Kemudian pengertian analisis teknikal menurut Husnan (2001:349) adalah : ”Analisis teknikal merupakan upaya untuk memperkirakan harga saham (kondisi Pasar) dengan mengamati perubahan saham tersebut di waktu lalu.”
Analisis yang akan digunakan dalam penelitian ini adalah analisis fundamental. Alasan digunakannya analisis fundamental adalah bahwa saham mewakili nilai perusahaan, tidak hanya nilai intristik suatu saat tapi juga harapan akan kemampuan perusahaan dalam meningkatkan nilai perusahaan di kemudian hari.
Salah satu langkah dalam melakukan analisis fundamental adalah dengan melakukan analisis perusahaan yang dilihat dalam laporan keuangan, untuk dapat memperkirakan kemampuan perusahaan dan laba yang didapat. Informasi yang terdapat dalam laporan keuangan merupakan faktor yang penting dalam menilai suatu saham perusahaan.

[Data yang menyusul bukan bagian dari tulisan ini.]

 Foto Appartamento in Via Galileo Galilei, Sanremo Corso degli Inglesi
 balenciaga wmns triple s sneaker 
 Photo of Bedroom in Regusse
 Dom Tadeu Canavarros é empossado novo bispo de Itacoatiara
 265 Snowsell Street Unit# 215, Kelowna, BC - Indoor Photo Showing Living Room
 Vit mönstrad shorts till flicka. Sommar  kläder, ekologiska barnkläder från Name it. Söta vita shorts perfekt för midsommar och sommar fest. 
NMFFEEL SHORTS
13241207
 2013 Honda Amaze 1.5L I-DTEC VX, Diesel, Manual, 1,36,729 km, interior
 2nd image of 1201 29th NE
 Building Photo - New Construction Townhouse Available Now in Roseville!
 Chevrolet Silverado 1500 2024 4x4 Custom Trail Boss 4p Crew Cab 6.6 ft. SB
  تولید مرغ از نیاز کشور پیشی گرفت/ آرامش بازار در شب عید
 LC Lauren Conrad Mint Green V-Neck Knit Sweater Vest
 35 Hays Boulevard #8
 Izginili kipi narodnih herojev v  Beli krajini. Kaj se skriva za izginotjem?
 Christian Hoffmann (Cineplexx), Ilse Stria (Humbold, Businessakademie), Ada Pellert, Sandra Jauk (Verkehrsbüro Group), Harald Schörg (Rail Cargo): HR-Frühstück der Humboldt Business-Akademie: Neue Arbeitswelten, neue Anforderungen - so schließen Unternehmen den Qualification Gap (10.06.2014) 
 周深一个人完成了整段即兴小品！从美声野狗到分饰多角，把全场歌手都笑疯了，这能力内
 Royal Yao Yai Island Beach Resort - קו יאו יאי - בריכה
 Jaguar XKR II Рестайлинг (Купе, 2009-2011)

Dengan melihat harga saham dari suatu perusahaan para investor dapat menilai secara garis besar kondisi dari setiap perusahaan, karena harga saham mencerminkan nilai perusahaan itu sendiri. Apabila harga saham perusahaan itu naik maka dapat diartikan perusahaan tersebut memiliki kinerja yang baik, namun sebaliknya bila harga saham perusahaan itu turun maka dapat diartikan nilai dari perusahaan itu pun turun.
2.6 Hubungan Keputusan Investasi, Struktur Modal dan Kebijakan Dividen terhadap Nilai Perusahaan.
2.6.1 Hubungan Keputusan Investasi dengan Struktur Modal.
Dalam menentukan pengambilan keputusan modal yang akan digunakan, akan dapat memberikan pengaruh baik pengaruh positif maupun pengaruh negatif bagi perusahaan. Oleh karena itu, dalam mengambil keputusan dibutuhkan penentuan komposisi struktur modal yang ideal bagi perusahaan. Struktur modal merupakan
salah satu bagian penting dalam pengambilan keputusan financial karena berhubungan dengan variable keputusan financial lainnya.
Salah satu keputusan penting yang dihadapi oleh manajer keuangan dalam kaitannya dengan kelangsungan operasi perusahaan adalah keputusan pendanaan di dalam berinvestasi, yaitu suatu keputusan keuangan yang berkaitan dengan komposisi hutang yang harus digunakan oleh perusahaan. Manajer harus mampu menghimpun dana, baik yang bersumber dari dalam perusahaan maupun luar perusahaan secara efisien, dalam arti keputusan pendanaan tersebut merupakan keputusan pendanaan yang mampu meminimalkan biaya modal yang harus ditanggung perusahaan (Saidi, 2004). Dalam penelitan Haruman (2008) DER berpengaruh negatif terhadap keputusan investasi.
2.6.2 Hubungan Keputusan Investasi dengan Kebijakan Deviden.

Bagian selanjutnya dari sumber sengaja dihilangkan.